Trump
File picture: President Donald Trump dances as he wraps up a campaign rally at the Kenosha Regional Airport on November 02, 2020 in Kenosha, Wisconsin. Image Credit: AFP

US President Donald Trump's pledge to fight the outcome of the election in the courts crashed Friday into skeptical judges, daunting Electoral College math and a lack of evidence for his claims of fraud.

On a day that began with vote tallies in Georgia and Pennsylvania tipping in Joe Biden's favor, Trump's campaign declared, "This election is not over," as the Republican National Committee announced it had activated "legal challenge teams" in Arizona, Georgia, Michigan and Pennsylvania. And the Trump forces named a new general to lead the effort, hardened conservative political combatant David Bossie.

But none of the dozen or so lawsuits they had brought in battleground states appeared to be gaining any traction in the courts. And in any case, none seemed likely to give Trump the edge he would need in vote counts in the states that will determine the outcome.
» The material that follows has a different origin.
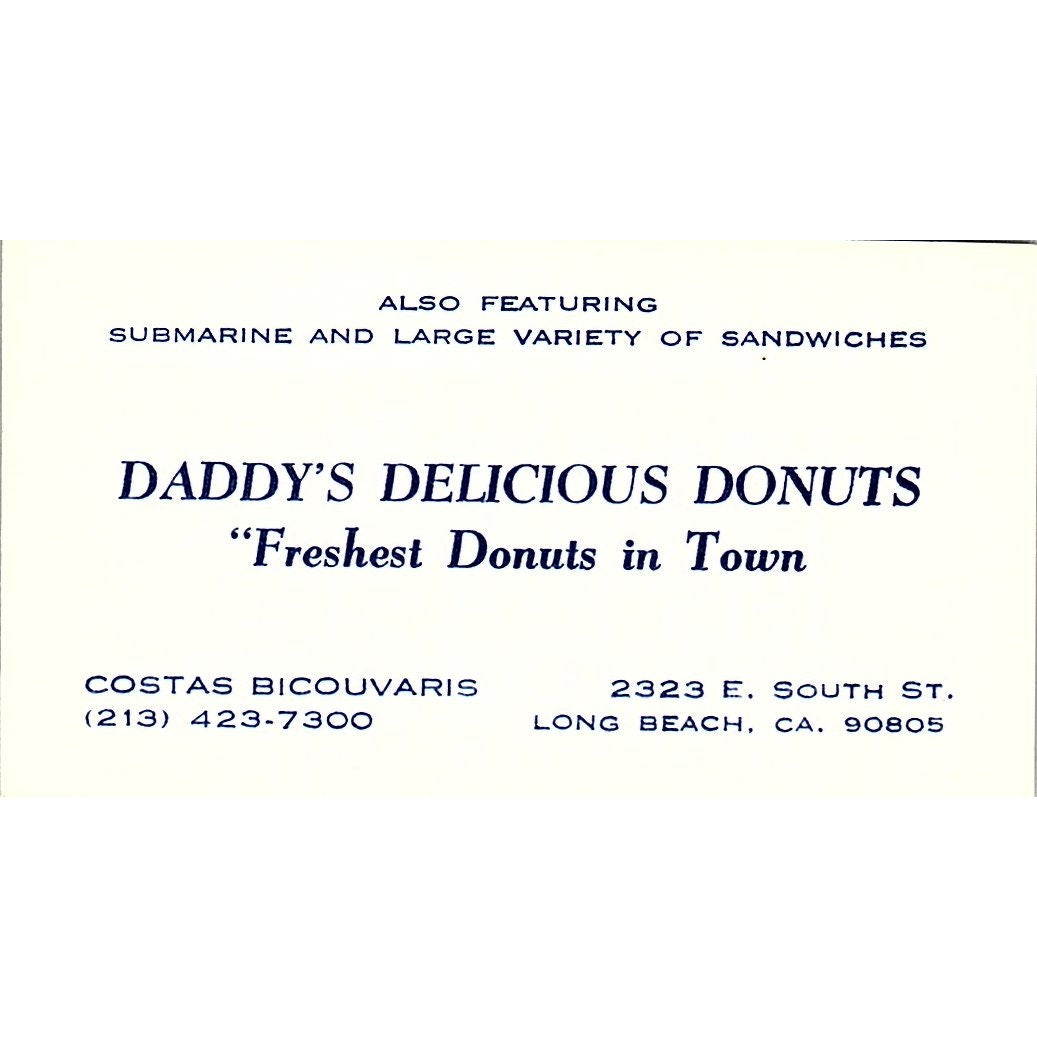 Costas Bicouvaris Daddy's Delicious Donuts Long Beach Vtg Business Card SD9-B11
Supreme court asked to step in

The most high-profile step of the day came when Pennsylvania Republicans asked the US Supreme Court to step in and require election officials in the state to segregate ballots that arrived after Election Day and not to include them for now in the vote totals in the largest and most critical of the swing states.

On Friday evening, Justice Samuel Alito agreed to the request.

But Pennsylvania is already segregating those ballots, counting them separately and is not including them in the announced vote totals.

The secretary of state, over the objections of Republicans and Trump, has said they can be counted if they arrived by 5 pm Friday, in line with a state court ruling that the Supreme Court has left open the possibility of reviewing again.

A state official said the ballots in question number in the thousands but not tens of thousands.

Their lack of progress in stopping the count or making a persuasive case for large-scale ballot fraud left Trump and his team increasingly reliant for political salvation on recounts - which appeared likely to take place in Georgia, Nevada, Arizona and Wisconsin but which rarely result in big swings in vote counts.

The Trump effort may be getting a boost from state legislatures in Pennsylvania and Wisconsin, which are both controlled by Republicans. In Wisconsin, Robin Vos, speaker of the state Assembly, directed a legislative committee to "use its investigatory powers" to conduct a review of the election, again raising the specter of voter fraud without offering specific evidence.

In Pennsylvania, the two top Republicans in the legislature called on Gov. Tom Wolf, a Democrat, to conduct "an immediate audit" of the election.

At the same time, allies of the president openly suggested an extreme move: to use baseless allegations of Democratic malfeasance to pressure Republican-controlled state legislatures in key states to send pro-Trump electors to the Electoral College regardless of the results of the popular vote.

Officials with the Biden campaign said they would meet every legal challenge Trump brought but said they were confident that none of the cases they had seen so far seemed likely to loosen Biden's tightening grasp on the presidency.

"The Republican legal claims are utterly baseless and have failed and will continue to fail in the courts," said Bob Bauer, a senior adviser to the Biden campaign. "They serve no purpose other than to echo Donald Trump's discredited and shameful attack on the democratic process."